__Supplied records__
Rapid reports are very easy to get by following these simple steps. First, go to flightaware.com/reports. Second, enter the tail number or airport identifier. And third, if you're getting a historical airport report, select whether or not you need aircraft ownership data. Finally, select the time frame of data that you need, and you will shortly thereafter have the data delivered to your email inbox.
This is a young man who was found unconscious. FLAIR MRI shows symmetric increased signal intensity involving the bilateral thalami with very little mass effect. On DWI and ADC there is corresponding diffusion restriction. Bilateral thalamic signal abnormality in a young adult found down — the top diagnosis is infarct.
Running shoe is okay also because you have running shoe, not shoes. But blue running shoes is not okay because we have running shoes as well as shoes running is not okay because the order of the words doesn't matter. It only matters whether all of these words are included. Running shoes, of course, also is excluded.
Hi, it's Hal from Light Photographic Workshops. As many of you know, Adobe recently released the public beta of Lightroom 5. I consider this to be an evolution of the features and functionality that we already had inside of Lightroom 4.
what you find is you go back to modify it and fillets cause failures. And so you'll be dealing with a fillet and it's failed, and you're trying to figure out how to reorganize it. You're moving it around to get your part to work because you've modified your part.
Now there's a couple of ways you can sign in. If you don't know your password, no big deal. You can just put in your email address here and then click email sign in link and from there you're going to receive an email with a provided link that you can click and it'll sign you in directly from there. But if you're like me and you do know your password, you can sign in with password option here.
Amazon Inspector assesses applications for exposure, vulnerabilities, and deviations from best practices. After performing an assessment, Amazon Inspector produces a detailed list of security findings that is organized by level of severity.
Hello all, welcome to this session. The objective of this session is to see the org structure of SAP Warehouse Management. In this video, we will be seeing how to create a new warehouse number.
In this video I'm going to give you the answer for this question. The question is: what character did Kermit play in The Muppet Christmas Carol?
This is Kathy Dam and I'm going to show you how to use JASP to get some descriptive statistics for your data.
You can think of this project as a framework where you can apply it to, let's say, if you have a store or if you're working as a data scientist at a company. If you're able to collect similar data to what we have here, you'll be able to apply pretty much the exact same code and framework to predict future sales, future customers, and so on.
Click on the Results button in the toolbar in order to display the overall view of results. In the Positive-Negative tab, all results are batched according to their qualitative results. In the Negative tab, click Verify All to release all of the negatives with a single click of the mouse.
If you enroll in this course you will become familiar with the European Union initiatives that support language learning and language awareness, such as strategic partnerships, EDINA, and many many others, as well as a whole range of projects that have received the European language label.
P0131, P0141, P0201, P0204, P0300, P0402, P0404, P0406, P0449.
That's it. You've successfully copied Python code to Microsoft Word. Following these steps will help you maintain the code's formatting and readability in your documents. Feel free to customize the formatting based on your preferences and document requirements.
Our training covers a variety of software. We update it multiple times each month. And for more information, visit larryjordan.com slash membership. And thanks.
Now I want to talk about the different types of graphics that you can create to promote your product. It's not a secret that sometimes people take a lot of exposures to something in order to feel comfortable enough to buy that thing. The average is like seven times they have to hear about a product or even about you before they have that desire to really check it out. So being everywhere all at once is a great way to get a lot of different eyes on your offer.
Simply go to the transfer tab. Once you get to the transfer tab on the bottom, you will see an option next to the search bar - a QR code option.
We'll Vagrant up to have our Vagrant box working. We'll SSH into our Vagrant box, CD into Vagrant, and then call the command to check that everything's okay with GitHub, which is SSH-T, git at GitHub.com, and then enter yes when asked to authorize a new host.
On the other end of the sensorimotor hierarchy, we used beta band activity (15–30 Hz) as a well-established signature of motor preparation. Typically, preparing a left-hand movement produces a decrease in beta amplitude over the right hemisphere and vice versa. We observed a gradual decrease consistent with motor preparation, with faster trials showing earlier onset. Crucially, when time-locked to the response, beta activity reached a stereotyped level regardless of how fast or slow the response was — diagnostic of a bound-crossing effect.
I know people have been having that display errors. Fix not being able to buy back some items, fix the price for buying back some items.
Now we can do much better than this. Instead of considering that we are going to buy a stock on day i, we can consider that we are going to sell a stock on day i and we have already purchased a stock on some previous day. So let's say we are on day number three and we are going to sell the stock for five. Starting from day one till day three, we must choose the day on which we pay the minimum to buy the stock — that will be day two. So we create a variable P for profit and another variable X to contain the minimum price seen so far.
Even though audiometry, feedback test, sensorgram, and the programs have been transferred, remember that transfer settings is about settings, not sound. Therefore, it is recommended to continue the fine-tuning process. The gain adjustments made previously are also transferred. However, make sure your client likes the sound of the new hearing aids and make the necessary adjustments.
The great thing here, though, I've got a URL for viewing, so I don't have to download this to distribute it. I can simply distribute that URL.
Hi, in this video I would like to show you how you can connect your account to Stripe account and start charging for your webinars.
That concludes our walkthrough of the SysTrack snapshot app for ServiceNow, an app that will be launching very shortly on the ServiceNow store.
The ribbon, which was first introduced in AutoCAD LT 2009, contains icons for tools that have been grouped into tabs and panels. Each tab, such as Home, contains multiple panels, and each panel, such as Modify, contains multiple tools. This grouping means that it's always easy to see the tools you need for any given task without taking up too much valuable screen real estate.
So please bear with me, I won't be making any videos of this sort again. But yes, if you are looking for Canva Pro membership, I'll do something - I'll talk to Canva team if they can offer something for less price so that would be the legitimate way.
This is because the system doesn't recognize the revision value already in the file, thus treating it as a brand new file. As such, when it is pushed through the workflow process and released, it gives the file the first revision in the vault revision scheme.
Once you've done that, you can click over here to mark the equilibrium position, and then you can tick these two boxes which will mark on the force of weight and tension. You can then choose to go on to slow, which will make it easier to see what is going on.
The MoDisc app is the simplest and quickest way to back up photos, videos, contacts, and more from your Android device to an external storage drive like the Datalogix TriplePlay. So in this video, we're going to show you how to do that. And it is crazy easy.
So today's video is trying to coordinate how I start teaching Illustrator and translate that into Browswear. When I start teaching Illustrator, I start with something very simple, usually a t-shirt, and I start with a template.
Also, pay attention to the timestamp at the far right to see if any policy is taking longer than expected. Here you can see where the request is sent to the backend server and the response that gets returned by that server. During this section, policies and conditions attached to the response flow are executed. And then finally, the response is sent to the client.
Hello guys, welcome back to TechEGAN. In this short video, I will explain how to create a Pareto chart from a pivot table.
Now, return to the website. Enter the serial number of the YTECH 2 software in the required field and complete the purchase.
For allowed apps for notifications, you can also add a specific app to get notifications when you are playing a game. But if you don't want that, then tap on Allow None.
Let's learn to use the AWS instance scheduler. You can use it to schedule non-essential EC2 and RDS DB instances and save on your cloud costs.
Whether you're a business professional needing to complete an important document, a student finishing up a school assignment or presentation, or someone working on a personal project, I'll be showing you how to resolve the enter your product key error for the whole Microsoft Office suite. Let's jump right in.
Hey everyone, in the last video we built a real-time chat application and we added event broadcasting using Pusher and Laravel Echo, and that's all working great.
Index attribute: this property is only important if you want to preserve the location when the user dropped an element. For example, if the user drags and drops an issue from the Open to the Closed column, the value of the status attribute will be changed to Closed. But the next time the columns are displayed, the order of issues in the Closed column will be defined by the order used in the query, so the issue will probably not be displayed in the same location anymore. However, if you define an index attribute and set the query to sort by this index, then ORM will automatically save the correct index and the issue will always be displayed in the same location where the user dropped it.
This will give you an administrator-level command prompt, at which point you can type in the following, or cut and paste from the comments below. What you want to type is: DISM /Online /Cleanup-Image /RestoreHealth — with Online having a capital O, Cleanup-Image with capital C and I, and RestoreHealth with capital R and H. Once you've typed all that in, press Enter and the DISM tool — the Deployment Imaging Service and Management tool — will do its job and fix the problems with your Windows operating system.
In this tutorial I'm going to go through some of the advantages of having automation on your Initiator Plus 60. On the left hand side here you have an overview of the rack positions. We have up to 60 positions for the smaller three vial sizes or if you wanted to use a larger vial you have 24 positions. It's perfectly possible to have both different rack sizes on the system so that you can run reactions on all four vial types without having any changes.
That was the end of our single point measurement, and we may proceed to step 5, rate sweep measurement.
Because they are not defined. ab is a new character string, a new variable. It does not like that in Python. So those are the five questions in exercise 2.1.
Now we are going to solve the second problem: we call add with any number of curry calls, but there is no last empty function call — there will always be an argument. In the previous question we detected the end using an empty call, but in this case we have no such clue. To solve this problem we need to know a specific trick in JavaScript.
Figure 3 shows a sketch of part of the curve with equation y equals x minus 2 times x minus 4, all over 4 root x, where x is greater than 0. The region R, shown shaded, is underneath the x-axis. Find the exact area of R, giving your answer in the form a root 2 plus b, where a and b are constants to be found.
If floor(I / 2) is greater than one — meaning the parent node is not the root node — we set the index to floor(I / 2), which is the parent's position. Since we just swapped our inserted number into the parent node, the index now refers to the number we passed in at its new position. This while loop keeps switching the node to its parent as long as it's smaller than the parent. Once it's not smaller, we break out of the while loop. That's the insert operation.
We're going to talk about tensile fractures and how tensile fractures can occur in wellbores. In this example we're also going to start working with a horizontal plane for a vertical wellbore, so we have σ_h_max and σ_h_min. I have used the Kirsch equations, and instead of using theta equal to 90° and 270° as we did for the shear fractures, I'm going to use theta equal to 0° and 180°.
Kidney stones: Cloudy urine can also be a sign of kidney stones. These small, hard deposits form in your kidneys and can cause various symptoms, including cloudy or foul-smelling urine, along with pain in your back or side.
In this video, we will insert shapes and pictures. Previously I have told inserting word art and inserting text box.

__Problem__
What lines in the data above contain the word "videos"? Show them all.

__Expected answer__
So please bear with me, I won't be making any videos of this sort again. But yes, if you are looking for Canva Pro membership, I'll do something - I'll talk to Canva team if they can offer something for less price so that would be the legitimate way.
The MoDisc app is the simplest and quickest way to back up photos, videos, contacts, and more from your Android device to an external storage drive like the Datalogix TriplePlay. So in this video, we're going to show you how to do that. And it is crazy easy.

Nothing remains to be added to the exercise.